The nurses came and grabbed my gurney, wheeling me toward a grim date with a doctor whose specialty is one I wouldn't have chosen.
I felt drowsy and told a nurse to feel free to increase the dosage of whatever drug they were pumping through my IV hookup. She smiled, looked at me like I was half wimp and half dummy, and said they hadn't given me any drugs yet.
Oh. Well please do, and don't spare the juice.
Dr. Peter Rosenberg suddenly appeared and asked if I'd ever had a colonoscopy. No, I told him, but I'd had a similar procedure 6 1/2 years ago on a day which, for two reasons, I will never forget. Dr. Rosenberg was smart enough to guess one of them.
"There's generally no drug with that procedure," he said.
Bingo. A technician showed up looking like a Roto-Rooter man and went to town, performing what's called a sigmoidoscopy. I wouldn't recommend having one just for the fun of it.

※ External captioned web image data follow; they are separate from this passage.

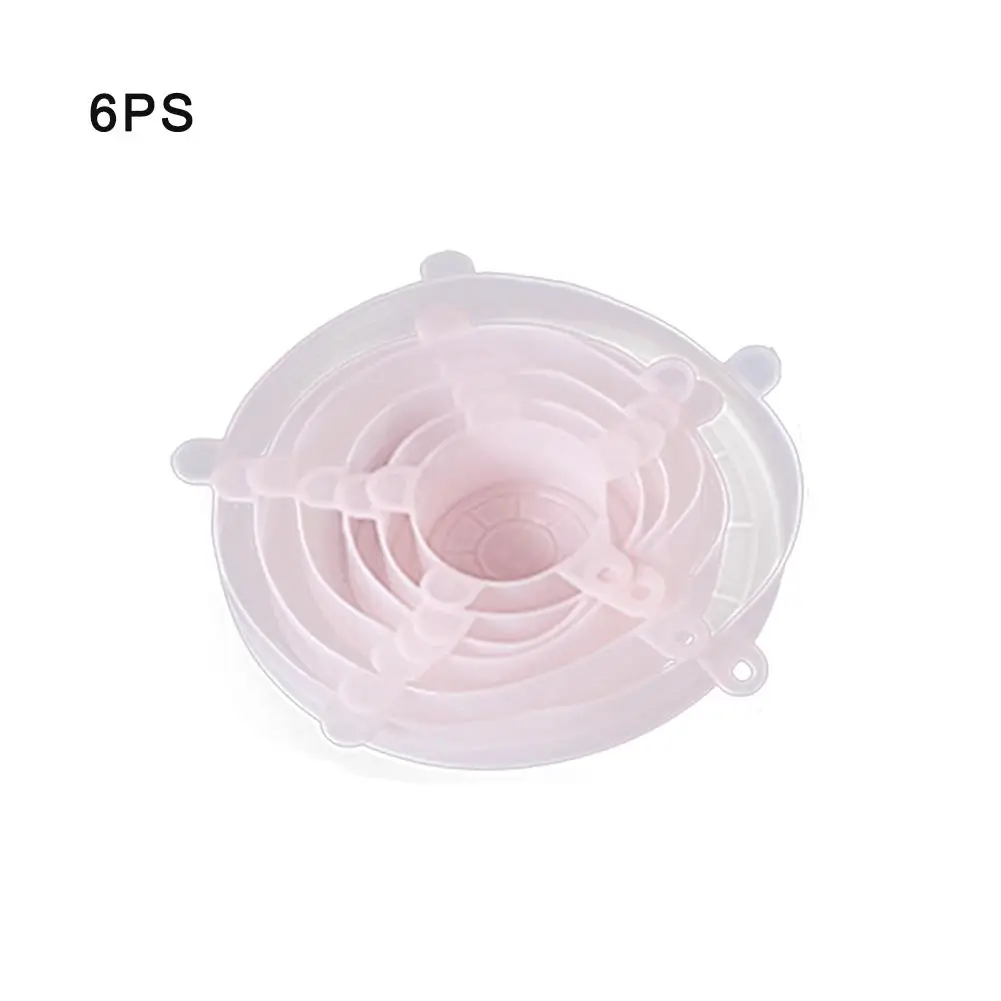 Горячая 6 шт./компл. универсальная силиконовая форма крышка многоразовый силикон растягивающиеся крышки для кухонной посуды крышка кастрюль кухонные аксессуары - Цвет: Pink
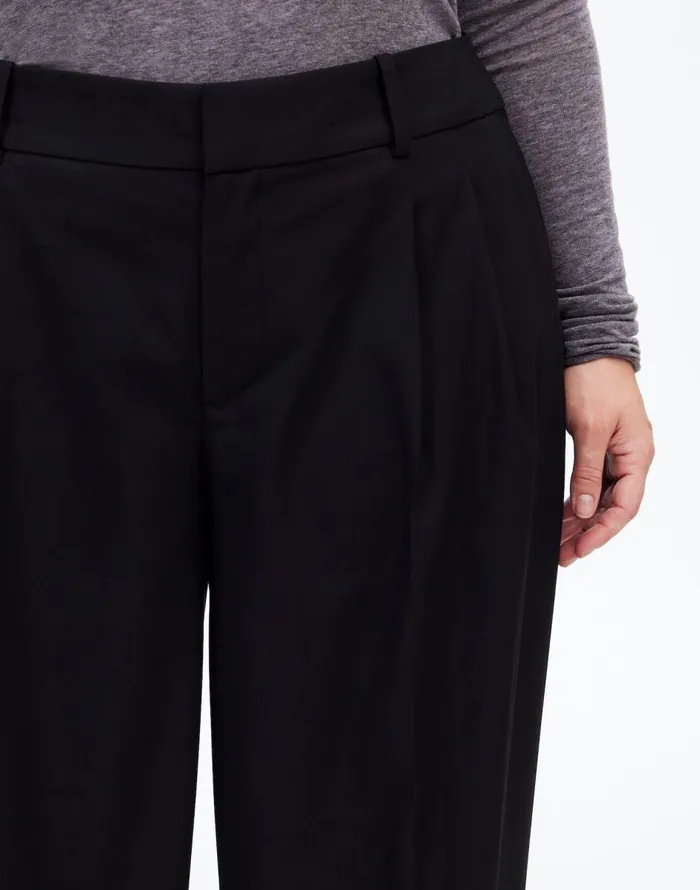 Madewell The Plus Harlow SuperwideLeg Trouser In Flannel Black Women Pants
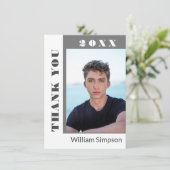 2フォトモダンシンプルミニマル卒業感謝してい サンキューカード (スタンド正面)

The other reason I can't forget that day is that as I left the house for the hospital, agonizing over the indignity of turning 50, my wife made the following announcement:
"I think I'm pregnant."
That is a lot to take in one day.
With two grown sons, I felt too old to start over. My wife insisted this was going to be a wonderful adventure, and she gave me hell over my selfish and cranky reservations.
So today, on Father's Day, I want to thank her for getting pregnant and enduring nine months of my dithering followed by 24 hours of labor. I want to thank my daughter for flying into this world as if shot from a cannon, ready to roll. And I want to give two thumbs up to her and the entire cast of the Ivanhoe School kindergarten class for last week's production of "The Rainbow Fish."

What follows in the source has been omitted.